Par Michel de Laforce
Tous les dix ans, le sociologue Bernard Cathelat explore les mentalités de nos concitoyens, tente de décrypter leurs évolutions. Il les synthétise lors d’une étude qui fait souvent beaucoup parler. Sa dernière analyse souligne un fait nouveau, la vive exaspération d’un nombre considérable de salariés.
Mettre en évidence des grandes familles de comportements, naturellement influencés par les contextes économiques et sociaux du moment, c’est la mission que s’assigne depuis trente ans Le Centre de Communication Avancée, dont Bernard Cathelat est la tête pensante (les méchantes langues disent parfois le “gourou”).
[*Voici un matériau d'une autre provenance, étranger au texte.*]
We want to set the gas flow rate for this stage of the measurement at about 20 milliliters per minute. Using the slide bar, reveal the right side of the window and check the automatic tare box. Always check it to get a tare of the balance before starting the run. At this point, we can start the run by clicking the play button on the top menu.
Plus qu’une photographie instantanée, ces chercheurs prétendent dessiner des tendances fortes ; ce qu’ils appellent des “socio-styles”. Rappelez-vous, il y a vingt ans : les “décalés”, s’opposant aux “recentrés”… Puis les
“entreprenants” face aux “conservateurs”…
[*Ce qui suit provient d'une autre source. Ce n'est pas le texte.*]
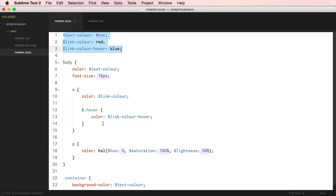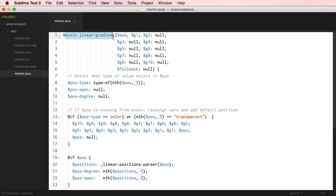Preprocessors allow you to use variables, functions, and nested rules. And you can even do math operations. But the biggest advantage is that it saves you time. And because variables and functions are reusable, your code will be easier to maintain and more organized. Also, you can use code shared by other people — for example, a function that adds a gradient.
Les “libéraux libertaires”, les “éthiques”, les “bourgeois bohèmes” devenus bobos… Toutes ces catégorisations, dont certaines passent dans le langage quotidien, sont issues directement ou indirectement des travaux du CCA.
Les critiques n’ont pas toujours été tendres ; on reproche notamment à Cathelat de nier l’existence des “classes sociales”, qu’il remplace par des catégorisations surtout destinées aux réflexions des experts du marketing. Son approche a toutefois ce réel mérite : faire émerger des tendances lourdes à côté desquelles passent le plus souvent les sondages, qui se focalisent généralement sur l’instant “t”.
Ainsi sa dernière synthèse, parue en novembre 2009. Elle compare la société (la France ?) à un bateau où cohabitent trois familles. Il y a d’abord les “Corsaires”. Ce sont des individualistes, volontiers entrepreneurs, parés pour toutes les compétitions, revendiquant un état d’esprit “moderne” que résumerait cette devise : “chacun pour soi”. La compétition au sein même d’une équipe, comme dans le show de télé réalité Koh Lanta, a tout pour plaire à ces Corsaires. Au travail, peut-être ne fait-il pas toujours bon les avoir comme collègues…
La deuxième famille, ce sont “les Flotteurs”, peu ou prou les anciens “conservateurs”, qui continuent de croire aux missions de l’État Providence ; dans le travail, ils attendent de leur entreprise un rôle protecteur. Volontiers soumis à leurs hiérarchies, ils espèrent voir cette bonne volonté récompensée par le maintien de leur emploi. Inutile de dire qu’en période de mondialisation
et de restructurations permanentes, ces attentes peuvent être souvent déçues !
C’est à ce stade que l’analyse du CCA dessine la vraie nouveauté. À côté de ces deux familles déjà croisées sous d’autres noms, émergent en effet les “révoltés du Bounty”. Qui sont-ils ? Ce sont les “bons petits soldats”, tous ceux qui ont joué le jeu, et se sentent aujourd’hui floués.
Ils ne supportent plus guère les méthodes de management tyranniques ou manipulatrices. Ils ont le sentiment de subir, de courber l’échine, tandis que leur emploi, leur vie professionnelle et personnelle, sont toujours plus menacés.
Le plus frappant est qu’ils constituent aujourd’hui, selon le CCA… 40 % des salariés ! Et vous ? Vous sentez-vous corsaire, ou révolté ?
Certains décideurs, politiques, grands patrons, entendront ils le message que leur envoie ici l’étude ?
Ou prendront-ils le risque de voir pour de vrai à quoi ressemblerait une vraie Révolte de ces matelots ?
Avec un tel équipage de mécontents, -40 %- !… on en vient même à se demander si cette croisière désabusée sur le Bounty n’aurait pas plutôt la destinée… du Titanic.